- A Sukhoi Su-26 in flight

General information
- Type: Aerobatic aircraft
- National origin: Soviet Union
- Manufacturer: Sukhoi
- Status: Active

History
- First flight: June 1984
- Developed into: Sukhoi Su-29 Sukhoi Su-31

= Sukhoi Su-26 =

Soviet aerobatic aircraft

Su-26M at the St Catharines Wings and Wheels

Early-model Sukhoi Su-26 with a two-bladed propeller

Sukhoi Su-26MX in Brazil

The Sukhoi Su-26 is a single-seater aerobatic aircraft from the former Soviet Union, powered by a single radial reciprocating engine. The Su-26 has mid-mounted straight wings and fixed landing gear, the main gear mounted on a solid titanium arc.
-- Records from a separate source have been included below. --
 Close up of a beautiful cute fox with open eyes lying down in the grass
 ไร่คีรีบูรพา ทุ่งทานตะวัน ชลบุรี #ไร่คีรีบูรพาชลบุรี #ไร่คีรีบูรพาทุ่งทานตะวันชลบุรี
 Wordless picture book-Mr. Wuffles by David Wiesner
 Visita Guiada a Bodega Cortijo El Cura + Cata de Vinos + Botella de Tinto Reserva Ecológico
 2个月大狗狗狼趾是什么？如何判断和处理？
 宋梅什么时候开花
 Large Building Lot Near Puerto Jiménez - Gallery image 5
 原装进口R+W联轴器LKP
The Su-26 made its first flight in June 1984, the original four having a two-bladed propeller. The production switched to the Su-26M, with refined tail surfaces and a German-made MTV-9 3-blade composite propeller. Further refinements were made, and the model won both the men's and women's team prizes at the 1986 World Aerobatics Championships. The modified Su-26M3 with the new M9F 320 kW engine dominated the 2003 and 2005 Aerobatic World Championships as well as the 2004 European Championships.
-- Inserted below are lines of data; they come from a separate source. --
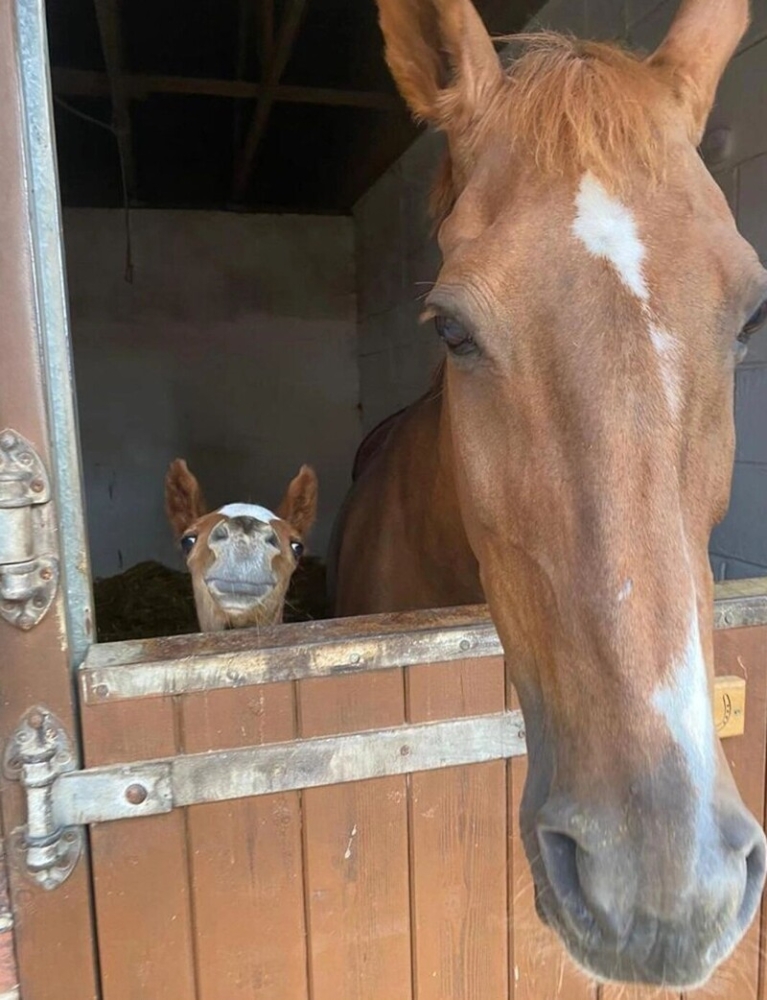 
        18&nbsp;трогательных моментов из&nbsp;жизни семейств диких зверей и&nbsp;домашних животных    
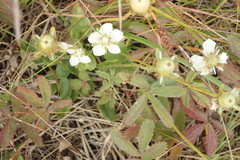 Parnassia palustris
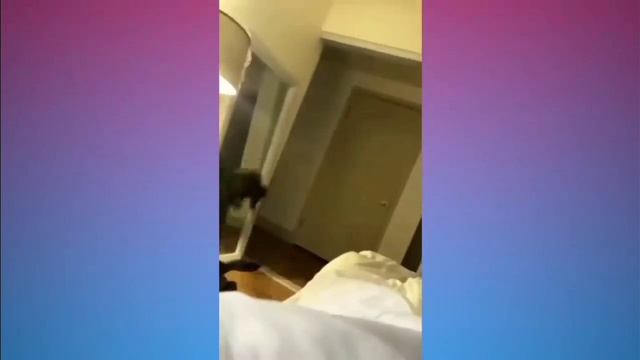 5 минут смеха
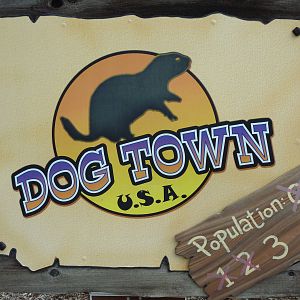 North America - Prairie Dog Exhibit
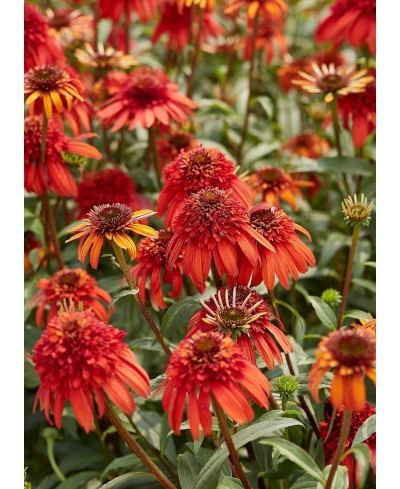 Jeżówka 'Hot Papaya'  Echinacea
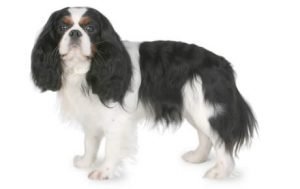 Cavalier King Charles Spaniel dog names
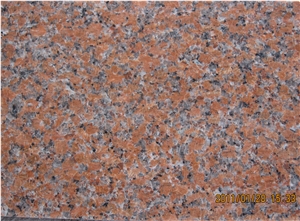China Maple Leaf Red Granite,G562 Granite,China Red Granite Slabs & Tiles China Maple Leaf Red Granite,G562 Granite,China Red Granite Slabs & Tiles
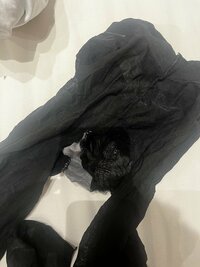 IMG_7665_Original.jpeg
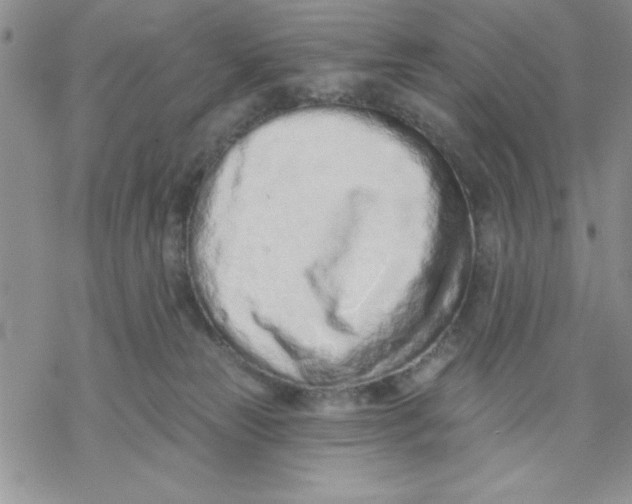 X0000069400181200606021706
The Su-26 has fully metric instruments, except for the altimeter.

==In popular culture==
IL-2 Sturmovik: Cliffs of Dover is a combat flight simulation video game mainly set in the Battle of Britain in 1940. Nevertheless, when the game was still under development, the Sukhoi Su-26 had been promised as a bonus flyable aircraft for all players, but was not included in the game upon release in March 2011. It was finally included as downloadable content with the adjunction of the Steam patch 1.11.20362 on 19 October 2012.